§ **Task item**:
In the answer, each entry below appears exactly as given, and no picture appears at all.

§ **Dataset entries**:
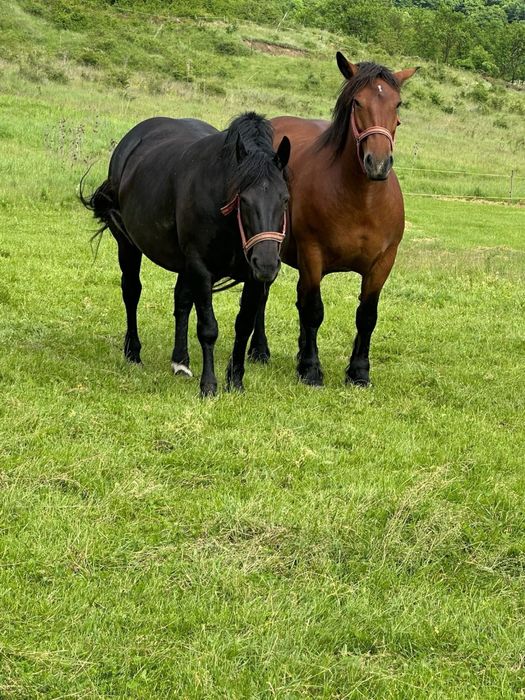 Iepe de vanzare cluj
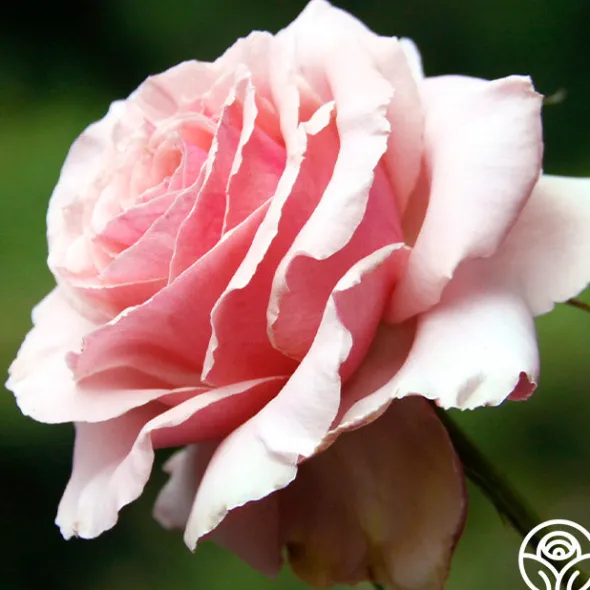 Heirloom Roses Tournament of Roses Sale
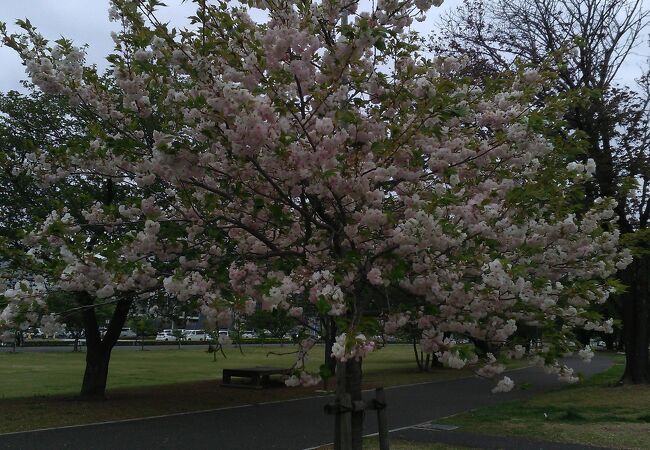 大きな花の咲く木が立っている公園
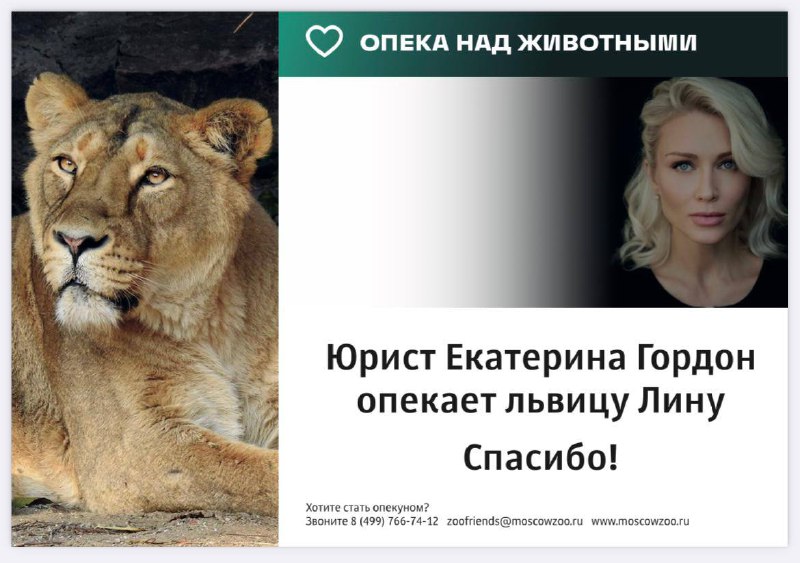 Юрист Екатерина Гордон стала опекуном львицы Лины в Московском зоопарке 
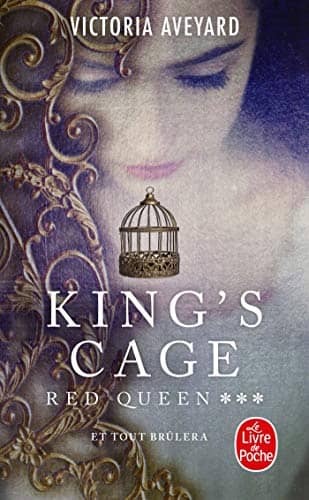 Illustration de King's Cage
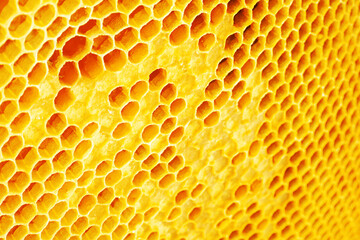 Wall Mural - Yellow Honeycomb closeup background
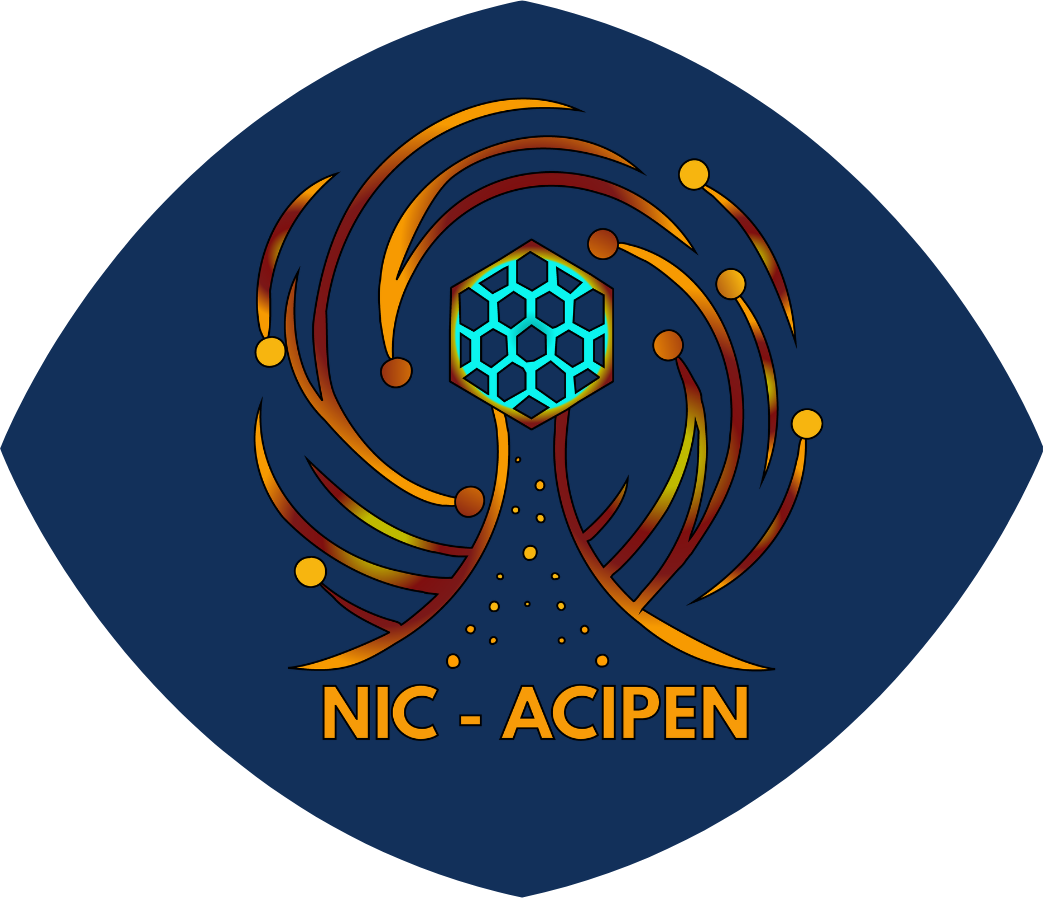 Logo NIC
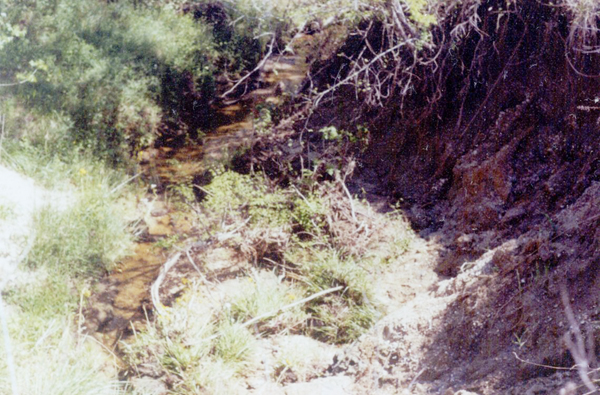 side stream in gully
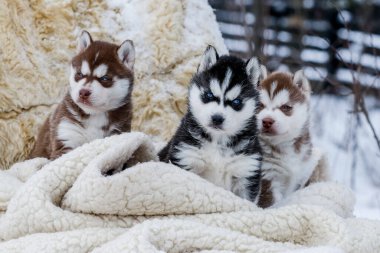 Şirin köpek yavruları, karda çizmeleri ve köpecikleri var.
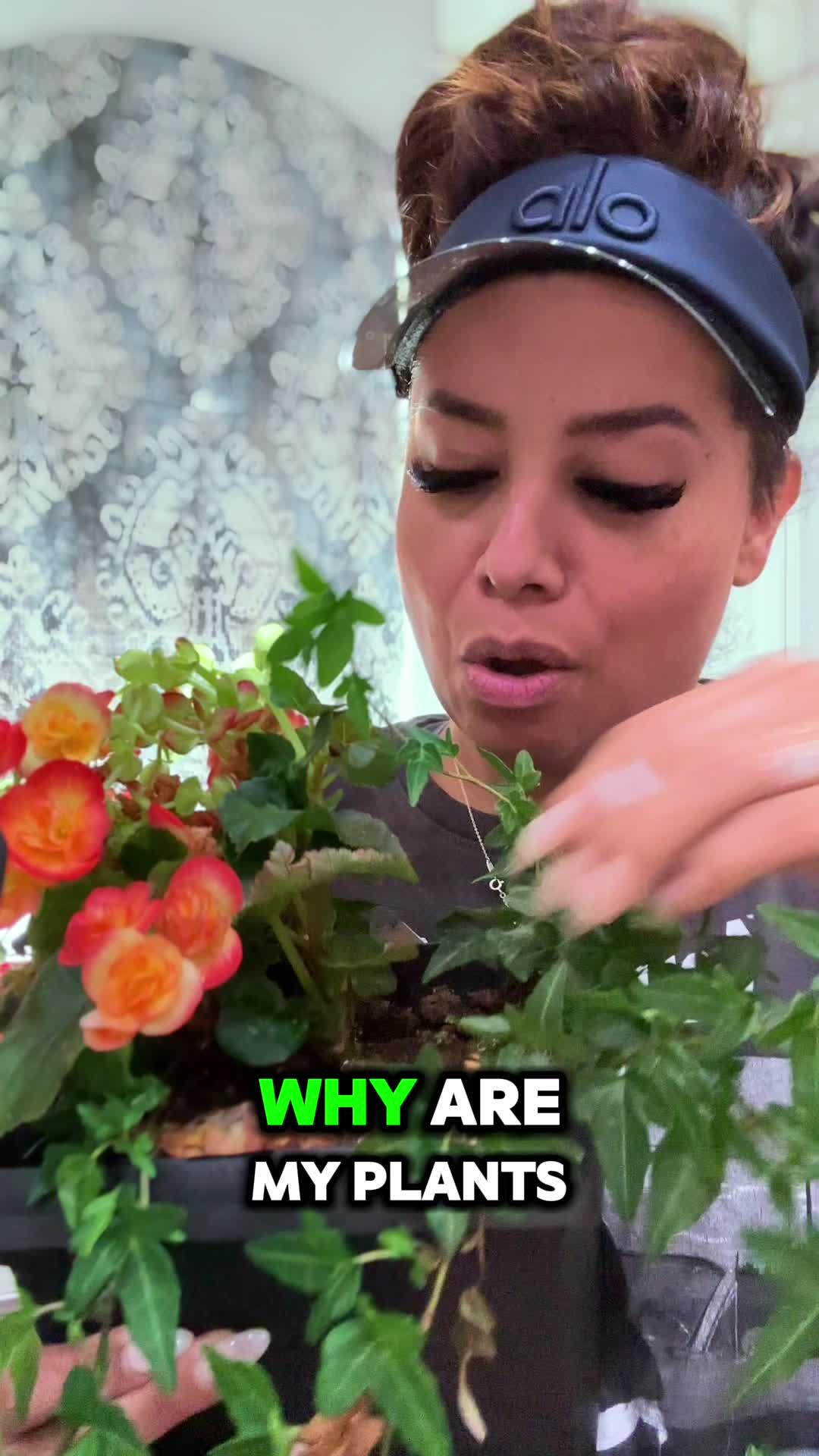 Track your plants' progress. Get personal notifications on plant care. Download Free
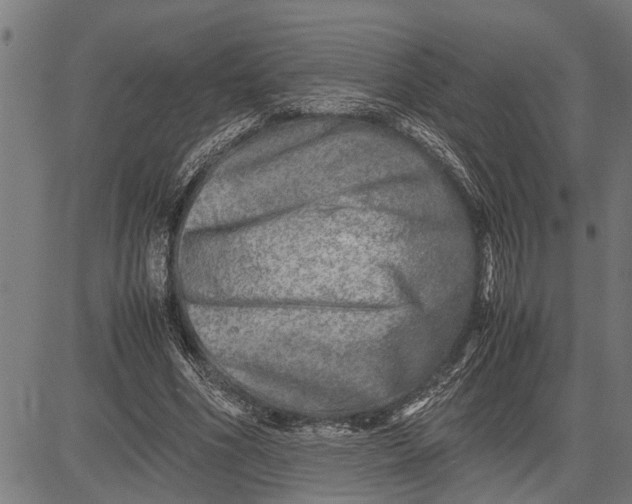 X0000081450586200702021744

§ **Response**:
 Iepe de vanzare cluj
 Heirloom Roses Tournament of Roses Sale
 大きな花の咲く木が立っている公園
 Юрист Екатерина Гордон стала опекуном львицы Лины в Московском зоопарке 
 Illustration de King's Cage
 Wall Mural - Yellow Honeycomb closeup background
 Logo NIC
 side stream in gully
 Şirin köpek yavruları, karda çizmeleri ve köpecikleri var.
 Track your plants' progress. Get personal notifications on plant care. Download Free
 X0000081450586200702021744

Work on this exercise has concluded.